The noise envelope control parameter estimator 1016 may perform
operations similar to the noise envelope control parameter
estimator 916 of FIG. 9. To illustrate, the noise envelope control
parameter estimator 1016 receives the low band voice factors (z)
1014 and the modified non harmonic HB flag (y) 1020. The noise
envelope control parameter estimator 1016 generates the noise
envelope control parameter 1018 (decoder) based on the low band
voice factors (z) 1014 and the modified non harmonic HB flag (y)
1020, similar to the generation of the noise envelope control
parameter(s) 918 described with reference to FIG. 9.

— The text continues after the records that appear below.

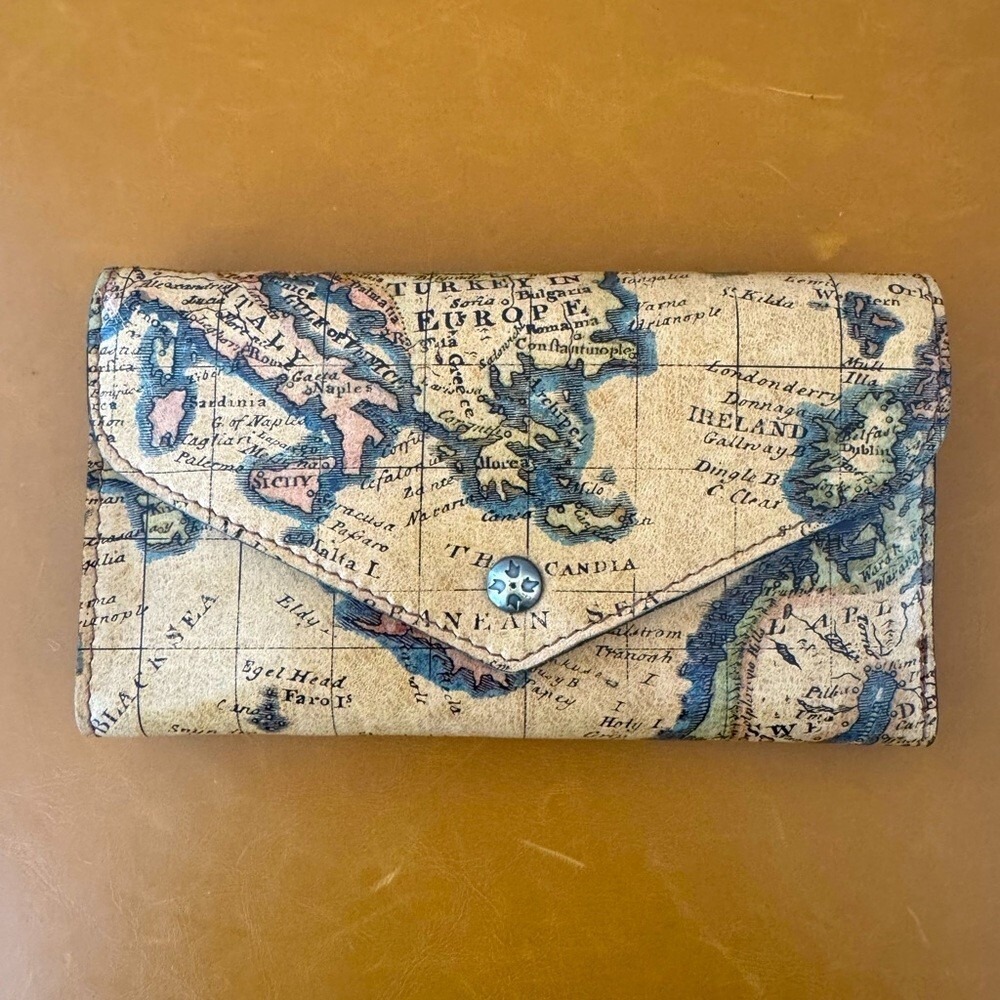 Patricia Nash World Map Wallet‎ Clutch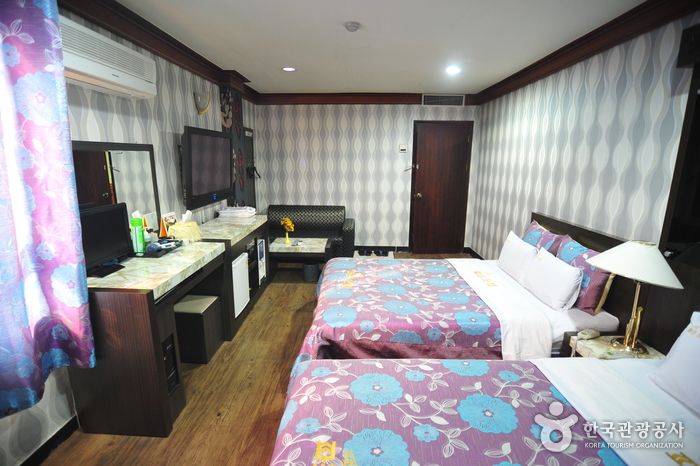 Andong Park Hotel - Goodstay (안동파크호텔)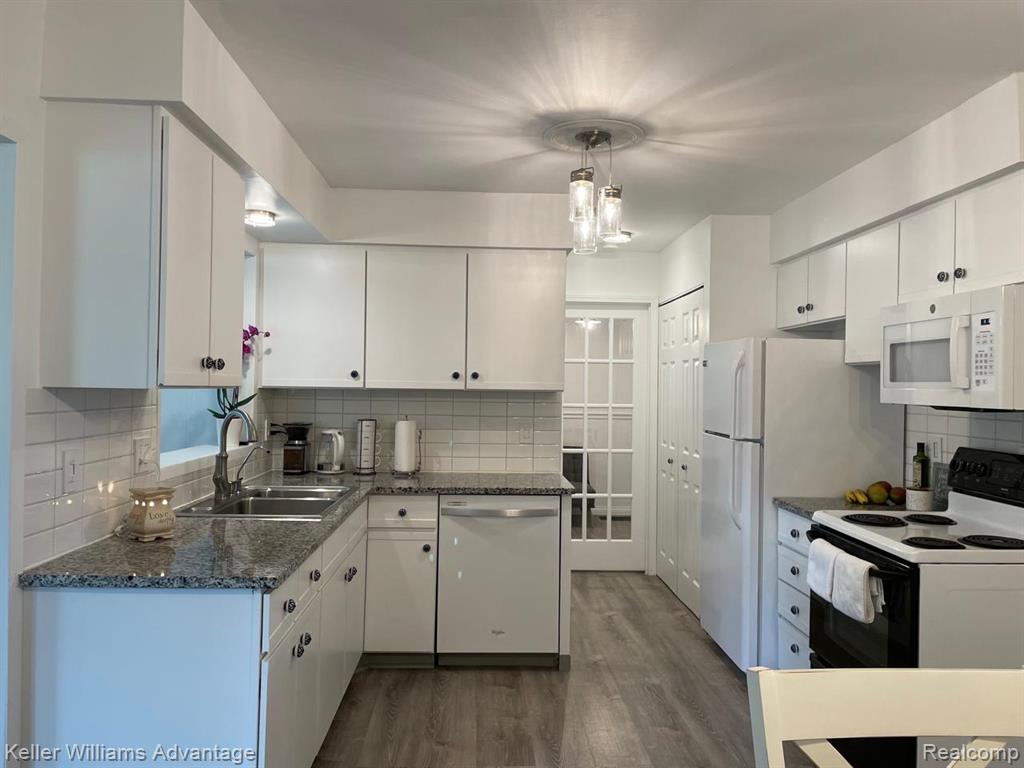 25738 Beck Road Novi, MI 48374 - Photo 11 of 35 Gallery Image 11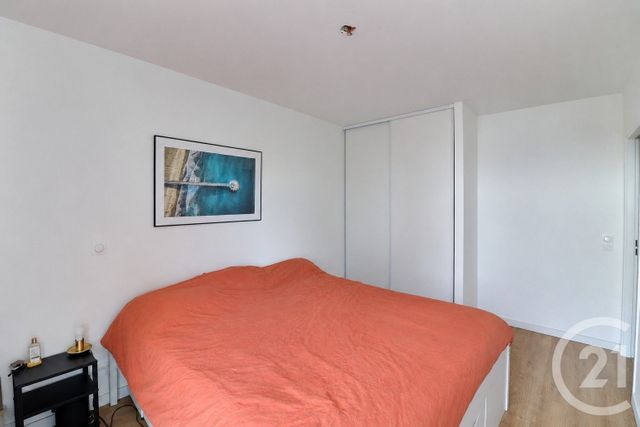 Appartement T3 à vendre - 3 pièces - 60.75 m2 - BORDEAUX - 33 - AQUITAINE - Century 21 Talent Immobilier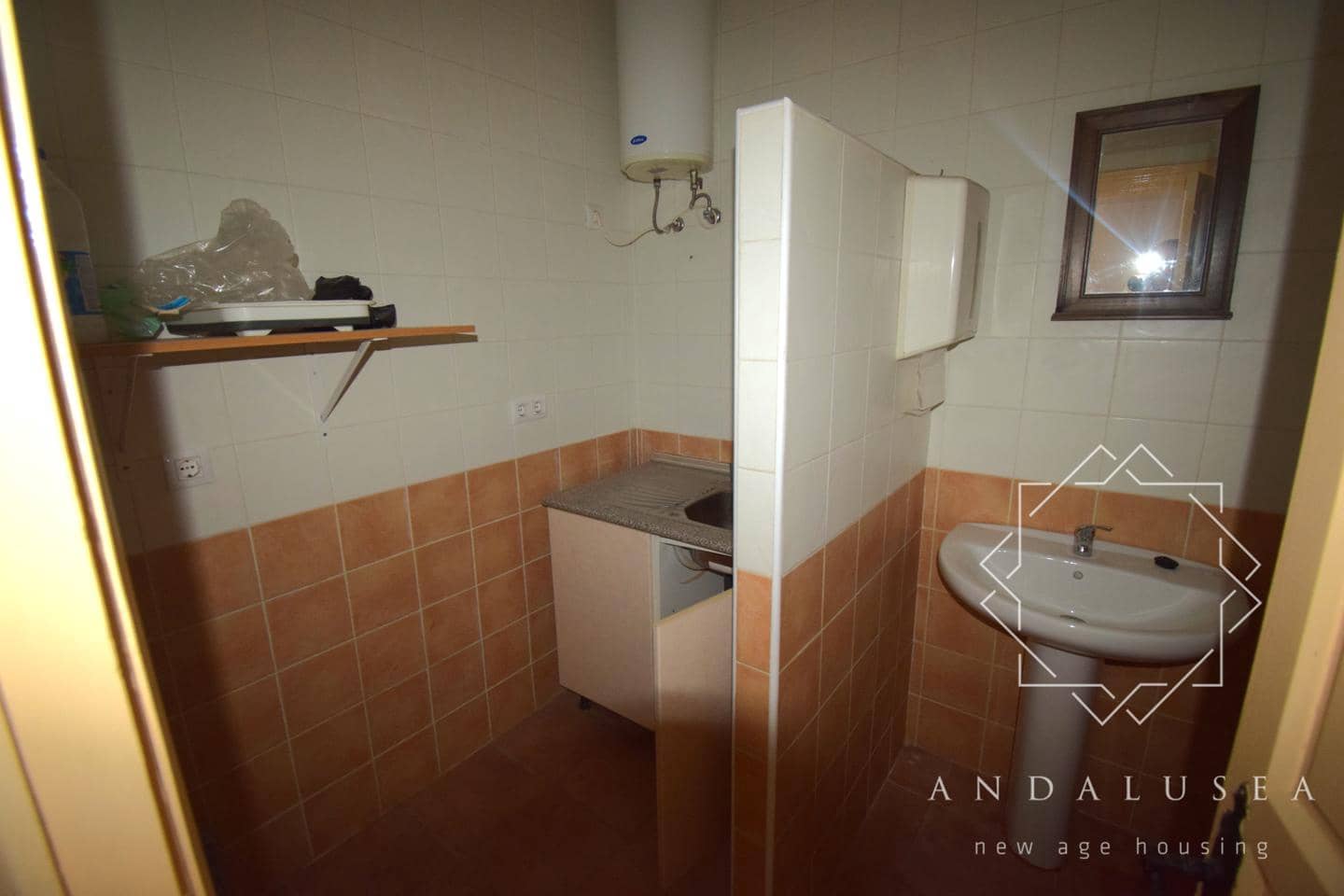 3 quarto Empresa para venda em Almeria cidade - 79 000 € (Ref: 9541943)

Based on the modified non harmonic HB flag (y) 1020, the decoder
1000 generates a high-band excitation 380. Generation of the
high-band excitation 380 my include the high-band excitation
generator 362 generating modulated noise and performing a mixing
operation to generate the high-band excitation 380. The modulated
noise may be generated based on the noise envelope control
parameter 1018 (decoder). The mixing operation may be performed
based on Gain(1) (decoder) and Gain(2) (decoder), as described with
reference to FIG. 9.
Based on the generated high-band excitation 380, decoder values of
the gain frame and the gain shapes, and other parameters from the
BWE bitstream are determined. Additionally, the decoder 1000
generates the decoded high-band mid channel 662. For example,
dequantized high-band LPCs 640, dequantized high-band gain shape
648, and dequantized high-band gain frame 652 are used to generate
the decoded high-band mid channel. It is noted that since the
modified non harmonic HB flag (y) 1020 used by the decoder 1000 may
differ (in value for a particular frame) from the non harmonic HB
flag (x) 910 and the modified non harmonic HB flag (y) 920 used by
the encoder 900, the high-band excitation 276 on which the gain
frame and gain shapes are estimated at the encoder 900 may be
different from the high-band excitation 380 on which the gain frame
and gain shapes are applied at the decoder 1000.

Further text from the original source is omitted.